Jean Meyer
¡Oh, sorpresa!

No la da el Papa mediático, el pope star que atravesó el cielo de México como fugaz centella, sino el intelectual, el filósofo que habla a los intelectuales y a sus colegas filósofos en su encíclica Fides et ratio (Fe y razón). Firmado el 14 de septiembre de 1998, este texto de 108 párrafos y 100 páginas no ha sido comentado como sus mensajes contra el capitalismo salvaje y a favor de la justicia; no ha provocado polémicas como sus posiciones sobre las mujeres y el sacerdocio, la eutanasia y el aborto, el divorcio o el condón.

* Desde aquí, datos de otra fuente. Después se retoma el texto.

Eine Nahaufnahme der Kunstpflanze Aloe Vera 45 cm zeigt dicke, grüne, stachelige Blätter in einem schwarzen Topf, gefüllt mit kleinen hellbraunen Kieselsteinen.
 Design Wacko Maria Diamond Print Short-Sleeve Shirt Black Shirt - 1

Sin embargo, una vez más Juan Pablo II nos asombra con un denso ensayo sobre la vida intelectual de nuestra época. Empieza con la exhortación ``conócete a ti mismo'', grabada en el dintel del templo de Delfos. Luego invita a reconocer ``el vínculo tan profundo que hay entre el conocimiento de la fe y el de la razón'', recordando la pregunta de Tertuliano: ``¿Qué tienen en común Atenas y Jerusalén, la Academia y la Iglesia?'' Ahí tenemos un papa muy alejado del antiintelectualismo tan común entre el clero. Llama, como los sacerdotes en la Iglesia, a poner fin a la separación entre la fe y la razón para luchar contra la ``filosofía de la nada'', como llama a las diversas formas del nihilismo contemporáneo.

Ciertamente, critica ``desviaciones y errores'' como el historicismo, el cientificismo y el pragmatismo. Escribe: ``Sin duda la filosofía moderna tiene el gran mérito de haber concentrado su atención en el hombre''; sin embargo, ``dejando de concentrar su investigación en el ser, ha concentrado su búsqueda en el conocimiento humano (...) ha preferido destacar sus límites y condicionamientos'', lo cual la ha llevado ``a perderse en las arenas movedizas de un escepticismo general''.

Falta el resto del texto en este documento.